Would you please transcribe the data in full and exactly, excluding images?

__INFORMATION SHOWN__:
§ §
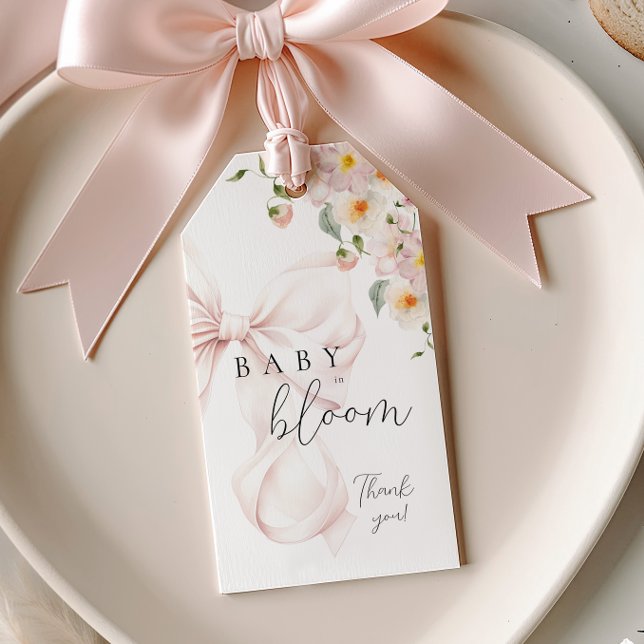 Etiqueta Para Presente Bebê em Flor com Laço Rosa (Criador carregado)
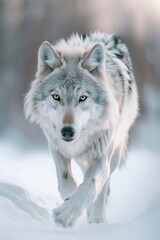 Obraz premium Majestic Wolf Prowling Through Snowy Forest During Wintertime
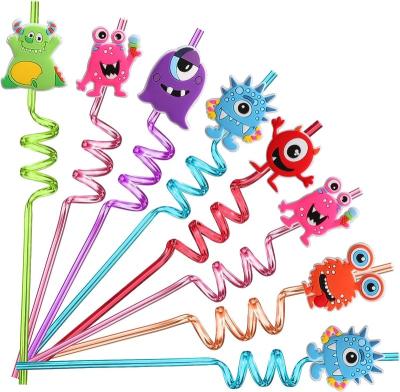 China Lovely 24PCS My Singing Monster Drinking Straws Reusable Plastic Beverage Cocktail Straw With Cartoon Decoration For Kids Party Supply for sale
§ §
__TASK RESULT__:
 Etiqueta Para Presente Bebê em Flor com Laço Rosa (Criador carregado)
 Obraz premium Majestic Wolf Prowling Through Snowy Forest During Wintertime
 China Lovely 24PCS My Singing Monster Drinking Straws Reusable Plastic Beverage Cocktail Straw With Cartoon Decoration For Kids Party Supply for sale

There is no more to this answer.